I have been documenting the daily life of teenagers in British working-class communities for almost two decades. After the Brexit referendum I focussed this work on Belfast in Northern Ireland. There was a serious concern that the final implementation of Brexit will threaten the Peace Agreement of 1998 that ended the armed conflict between Protestant Unionists and Catholic Nationalists who live in homogeneous neighborhoods that are divided by walls till today. These two communities in Belfast who seem to have irreconcilable differences, are more similar than they’d both like to admit. While they still stick to their own symbols of their identity and tradition, they wear the same clothes, have the same haircuts, listen to the same music, drink the same beer, take the same drugs and often the same worries such as violence, unemployment, social discrimination and therefore, lack of prospects.
Although these young people never experienced the bombings, attacks and reprisal attacks themselves, they grew up in strictly segregated neighborhoods. Only 7% of pupils in Northern Ireland go to integrated schools. Sinn Fein’s first-time majority in parliament and a Catholic majority in the country, which was never thought possible, are creating an increasingly tense situation again. When the teenagers see my photos of kids from the “other side”, they often say “oh, I know him”. And if you then hope that an approach already had happend and ask “where from?”, the answer is often “from fighting!”…

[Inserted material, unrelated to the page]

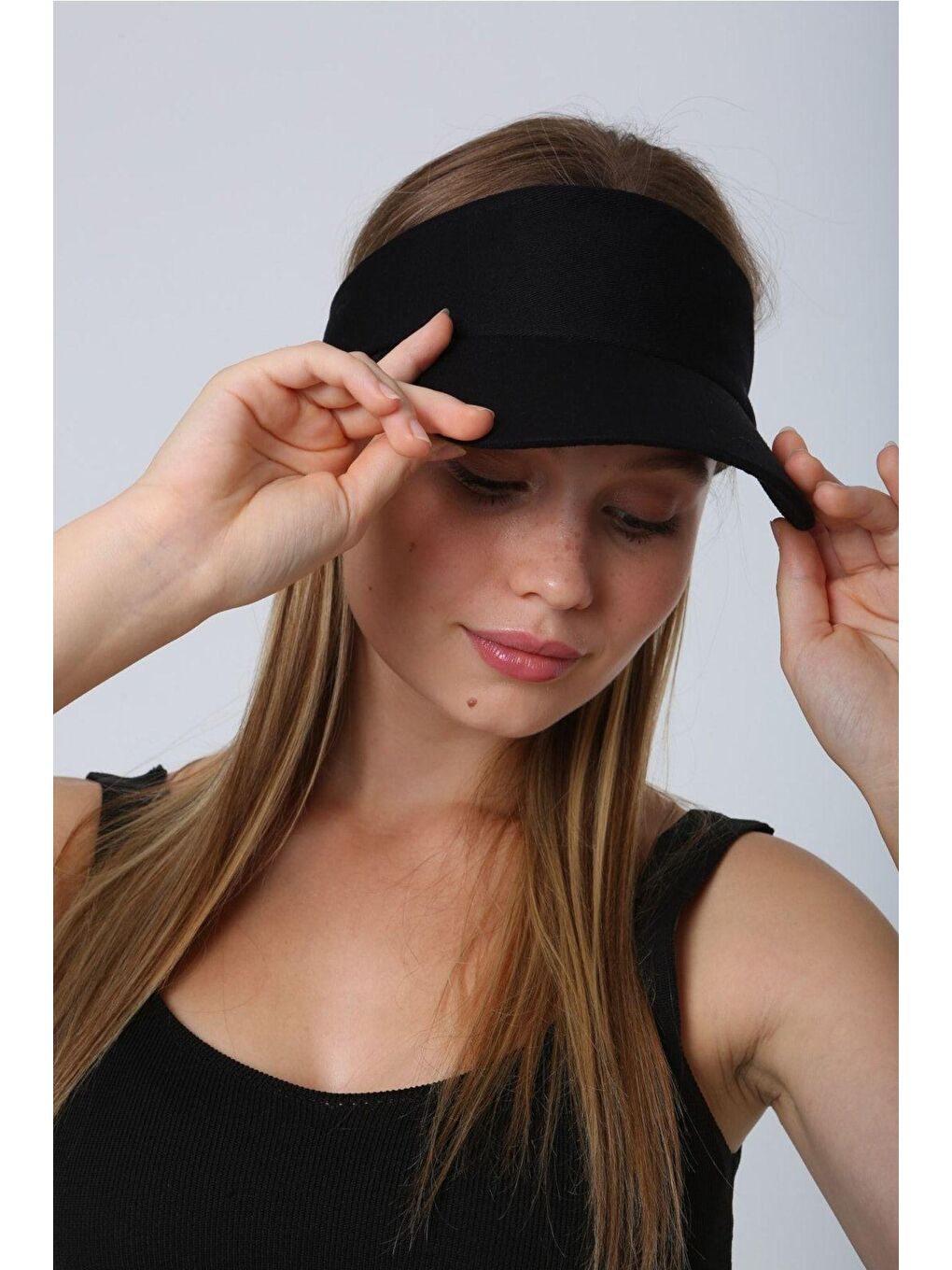 Kadın Vizör - Tenisçi - Golf / Siperlik Siyah Şapka Spk13-3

At the same time, apart from a few hardliners on the Loyalist side, nobody wants to go back to the old days. And in everyday life, more and more rapprochements are taking place that were previously thought impossible. A republican boy I met in 2017, who was often involved in skirmishes with loyalist teenagers, now has a baby with a protestant girl and lives in a loyalist community. These little steps give hope for a gradual normalization of the situation and the possibility of believing in a common future!
It is definitely time to overcome old rifts and ideas of identity or belonging and to look forward – in the sense of a better future for all young people in Northern Ireland!